Exercise aim: Beginning with the line containing "Photo 1 of *8/11/2024*" and going on through the line containing "Plastic bowl", the lines below are to be returned exactly, pictures excluded and nothing added.

Extracted material:
+++++

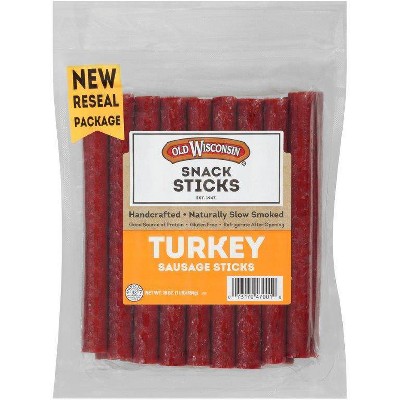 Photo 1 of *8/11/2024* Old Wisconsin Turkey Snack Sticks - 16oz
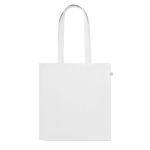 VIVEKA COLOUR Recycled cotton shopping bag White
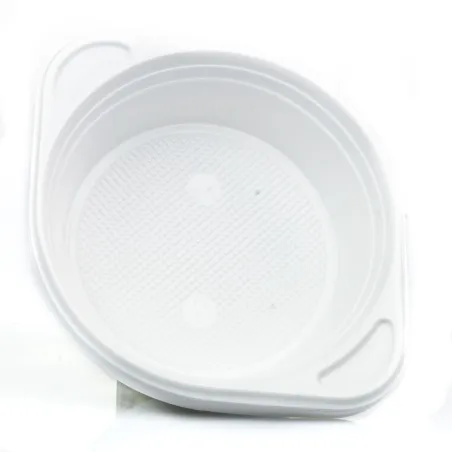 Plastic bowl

+++++

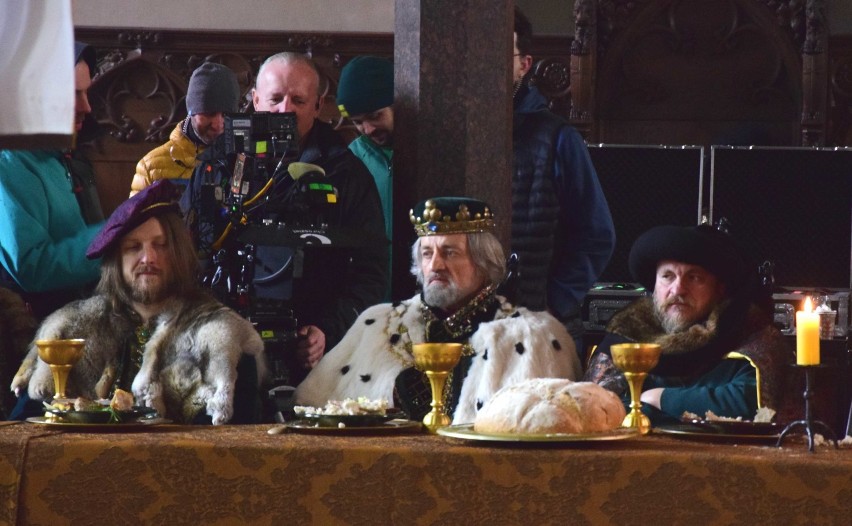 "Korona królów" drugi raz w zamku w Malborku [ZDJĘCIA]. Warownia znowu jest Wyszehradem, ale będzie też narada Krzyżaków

+++++

Solution to the exercise:
 Photo 1 of *8/11/2024* Old Wisconsin Turkey Snack Sticks - 16oz
 VIVEKA COLOUR Recycled cotton shopping bag White
 Plastic bowl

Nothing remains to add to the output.